D. L. Nelson, E.E. Eichler, B.A. Firulli, Y. Gu, J. Wu, E. Brundage, A.C. Chinault, M.Graves, A. Arenson, R. Smith, E.J. Roth, H.Y. Zoghbi, Y. Shen, M.A. Wentland, D.M. Muzny. J. Lu, K Timms, M. Metzger, and R.A. Gibbs
Department of Molecular and Human Genetics and Human Genome Center, Baylor College of Medicine, Houston, Texas
The human X chromosome is significant from both medical and evolutionary perspectives. It is the location of several hundred genes involved in human genetic disease, and has maintained synteny among mammals; both of these aspects are due to its role in sex determination and the haploid nature of the chromosome in males. We have addressed the mapping of this chromosome through a number of efforts, ranging from long-range YAC-based mapping to genomic sequence determination.

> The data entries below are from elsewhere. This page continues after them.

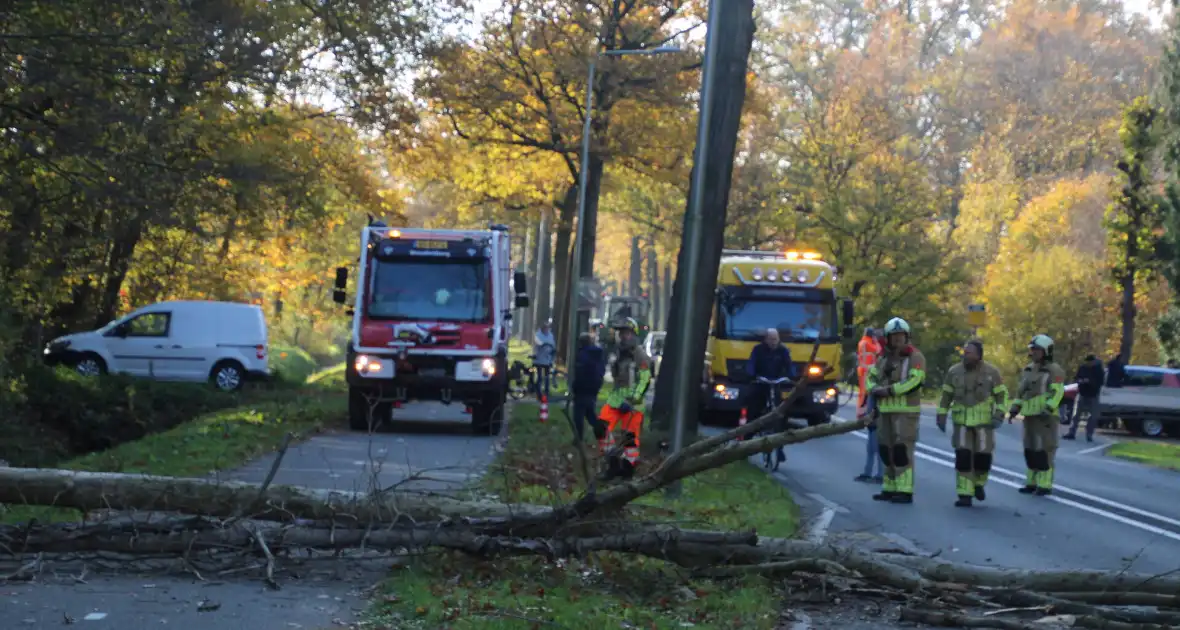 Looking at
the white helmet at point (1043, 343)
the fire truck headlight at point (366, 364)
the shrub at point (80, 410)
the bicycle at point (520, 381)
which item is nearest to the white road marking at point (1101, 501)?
the white helmet at point (1043, 343)

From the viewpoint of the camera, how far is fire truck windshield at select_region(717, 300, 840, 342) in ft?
78.8

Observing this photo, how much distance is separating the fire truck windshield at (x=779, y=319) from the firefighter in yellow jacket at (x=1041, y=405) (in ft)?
26.6

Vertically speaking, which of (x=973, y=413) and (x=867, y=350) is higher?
(x=867, y=350)

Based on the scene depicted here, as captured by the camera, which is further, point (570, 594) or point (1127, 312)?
point (1127, 312)

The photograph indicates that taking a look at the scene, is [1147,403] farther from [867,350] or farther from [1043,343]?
[1043,343]

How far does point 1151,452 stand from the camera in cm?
2636

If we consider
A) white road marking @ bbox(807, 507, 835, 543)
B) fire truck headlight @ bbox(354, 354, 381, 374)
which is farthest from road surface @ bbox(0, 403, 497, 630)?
fire truck headlight @ bbox(354, 354, 381, 374)

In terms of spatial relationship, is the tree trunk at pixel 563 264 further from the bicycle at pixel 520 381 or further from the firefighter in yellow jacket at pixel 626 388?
the firefighter in yellow jacket at pixel 626 388

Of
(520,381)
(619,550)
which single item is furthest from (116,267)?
(619,550)

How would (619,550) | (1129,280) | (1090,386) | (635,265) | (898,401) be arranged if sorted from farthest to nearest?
(635,265)
(1129,280)
(1090,386)
(898,401)
(619,550)

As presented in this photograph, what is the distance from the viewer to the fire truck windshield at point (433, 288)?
67.8 ft

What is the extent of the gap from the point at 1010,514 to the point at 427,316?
363 inches

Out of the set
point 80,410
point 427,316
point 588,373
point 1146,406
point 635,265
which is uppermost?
point 635,265

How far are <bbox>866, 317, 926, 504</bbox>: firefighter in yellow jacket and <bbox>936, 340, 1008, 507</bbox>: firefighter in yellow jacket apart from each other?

YAC mapping. The YAC-based map of the X is essentially complete. We have constructed a 40 Mb physical map of the Xp22.3-Xp21.3 region, spanning an interval from the pseudoautosomal boundary (PABX) to the Duchenne muscular dystrophy gene. This region is highly annotated. with 85 breakpoints defining 53 deletion intervals, 175 STSs (20 of which are highly polymorphic), and 19 genes.
Cosmid binning. The YAC-based physical is being used in a systematic effort to identify and sort cosmids prepared at LLNL from flow sorted X chromosomes into intervals Gene identification through use of a common database for cDNA pool hybridization data is continuing. Additional efforts in distal Xq are described in Parrish et al. Over 50 YACs have been utilized as probes to the gridded cosmic arrays. These have identified over 9000 cosmids from the 24,000 member library. An additional 4000 cosmids have been identified using a variety of probes, with the bulk corning from cDNA pool probes.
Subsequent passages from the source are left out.